**AIM OF THE EXERCISE:**
In the listing that follows, print every line exactly and leave the images out.

#####

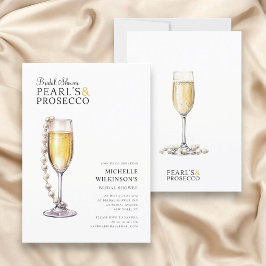Invitación perlas y prosecco moderna mínima ducha de novia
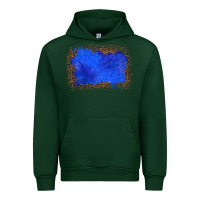 Forest Green gemstone blue leopard background Urban Hoodie - JahusDesignShop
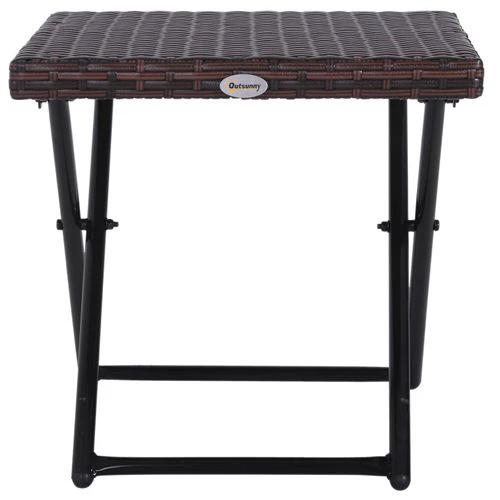 Outsunny Folding Square Rattan Coffee Table Bistro Balcony Garden Steel Outdoor -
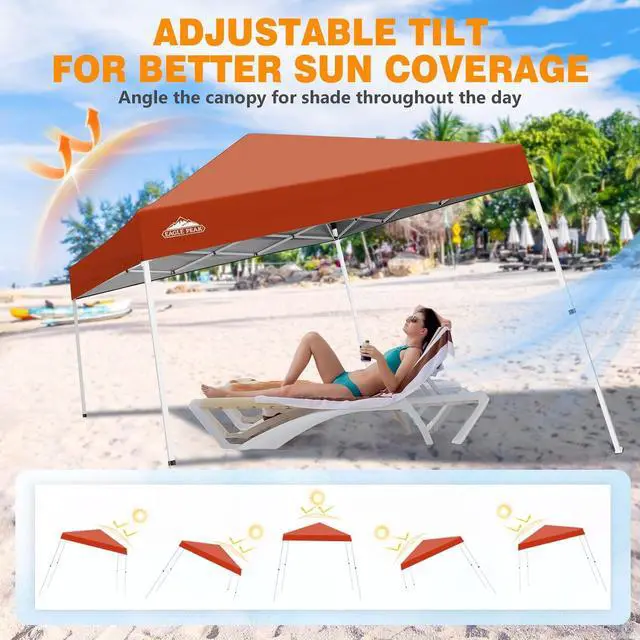 Alt view image 7 of 7 - 10x10 Slant Leg Pop-up Canopy Tent Easy One Person Setup Instant Outdoor Beach Canopy Folding Portable Sports Shelter 10x10 Base 8x8 Top (Brick Red)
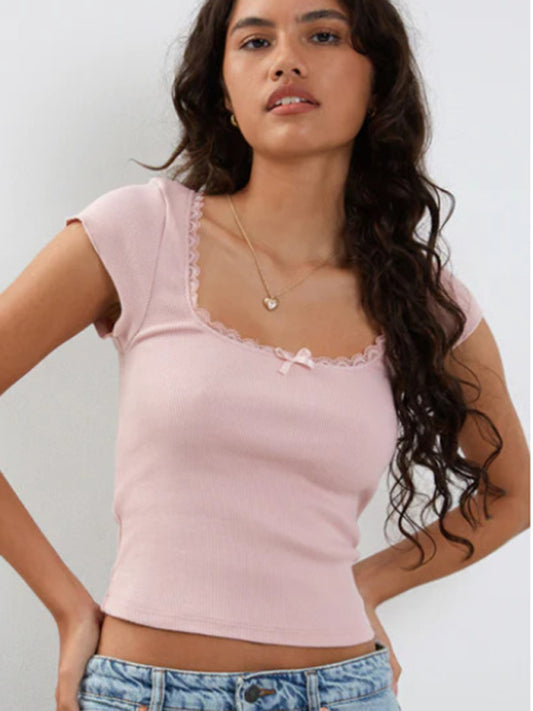 Rainie Women's Lace Bow Square Neck Knitted T-Shirt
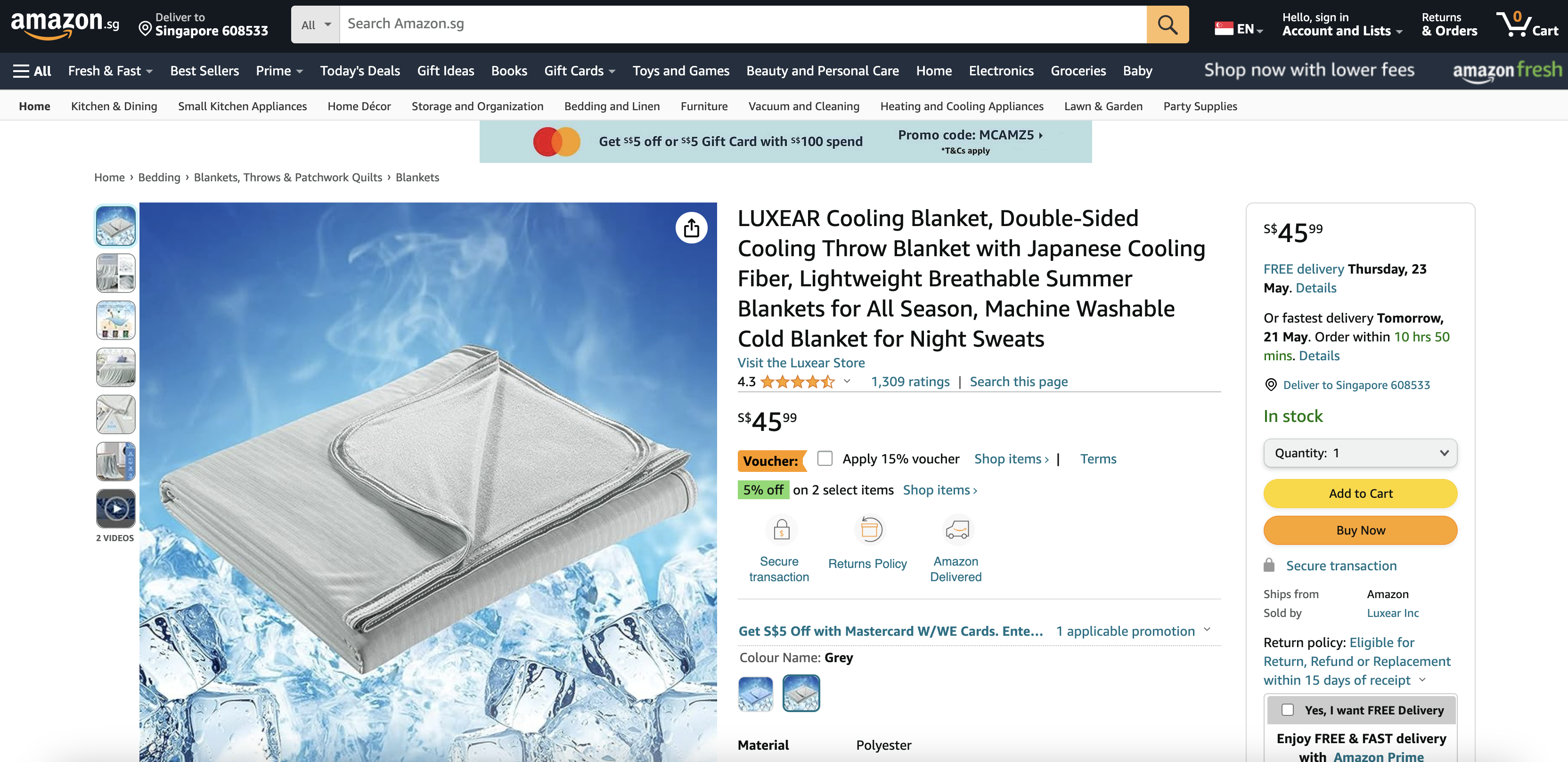 LUXEAR Cooling Blanket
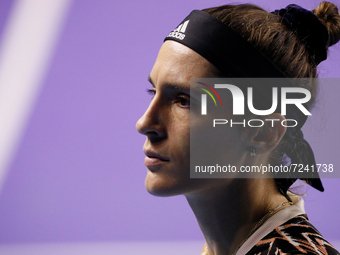 Andrea Petkovic of Germany looks on during the women's singles Round of 32 tennis match of the WTA 500 VTB Kremlin Cup 2021 International Te...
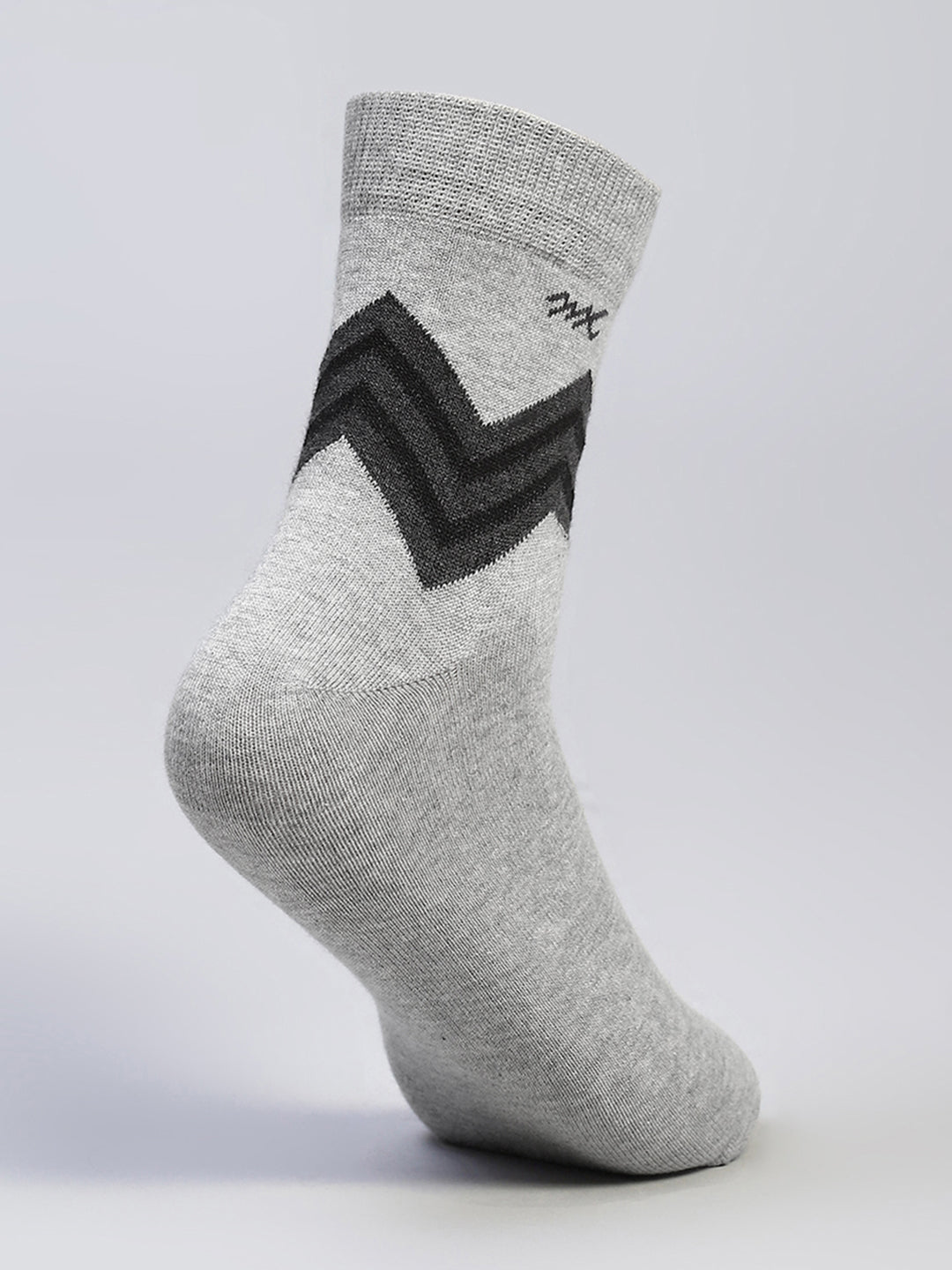 Men Cotton Blend Self Design Crew Length Socks (Pack of 3)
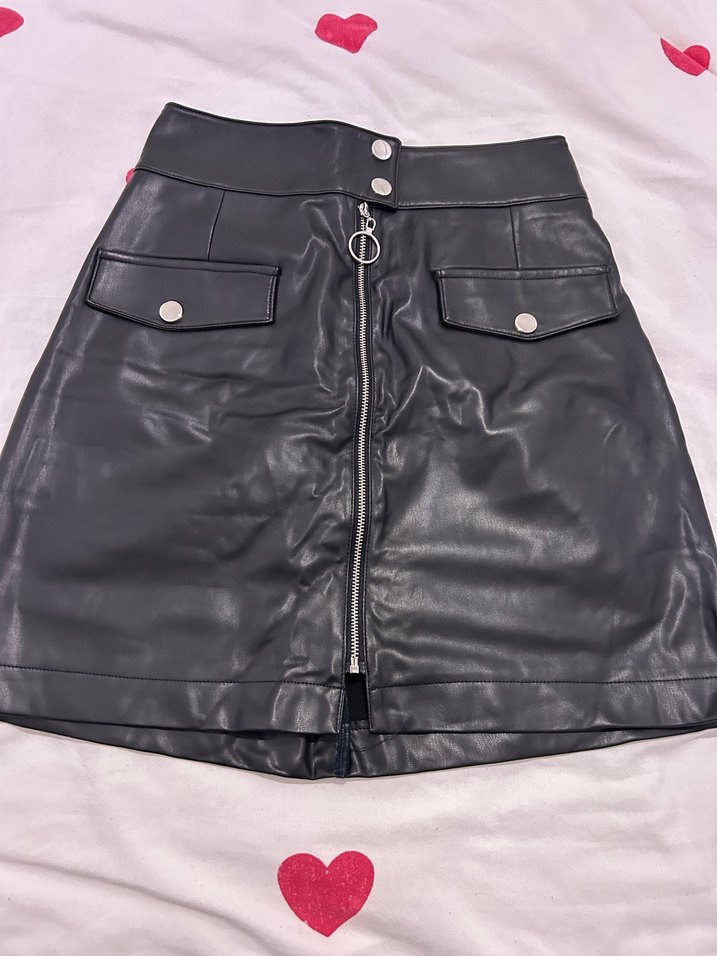 Siyah Deri Kemerli Mini Etek - Görsel 2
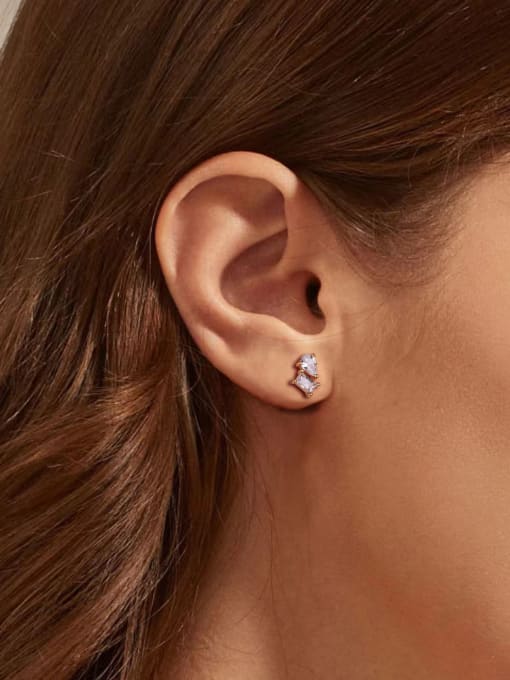 Jewel-Silver 925 Sterling Silver Cubic Zirconia Geometric Statement Stud Earring 1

#####

**RESULT FOR THIS TASK:**
Invitación perlas y prosecco moderna mínima ducha de novia
 Forest Green gemstone blue leopard background Urban Hoodie - JahusDesignShop
 Outsunny Folding Square Rattan Coffee Table Bistro Balcony Garden Steel Outdoor -
 Alt view image 7 of 7 - 10x10 Slant Leg Pop-up Canopy Tent Easy One Person Setup Instant Outdoor Beach Canopy Folding Portable Sports Shelter 10x10 Base 8x8 Top (Brick Red)
 Rainie Women's Lace Bow Square Neck Knitted T-Shirt
 LUXEAR Cooling Blanket
 Andrea Petkovic of Germany looks on during the women's singles Round of 32 tennis match of the WTA 500 VTB Kremlin Cup 2021 International Te...
 Men Cotton Blend Self Design Crew Length Socks (Pack of 3)
 Siyah Deri Kemerli Mini Etek - Görsel 2
 Jewel-Silver 925 Sterling Silver Cubic Zirconia Geometric Statement Stud Earring 1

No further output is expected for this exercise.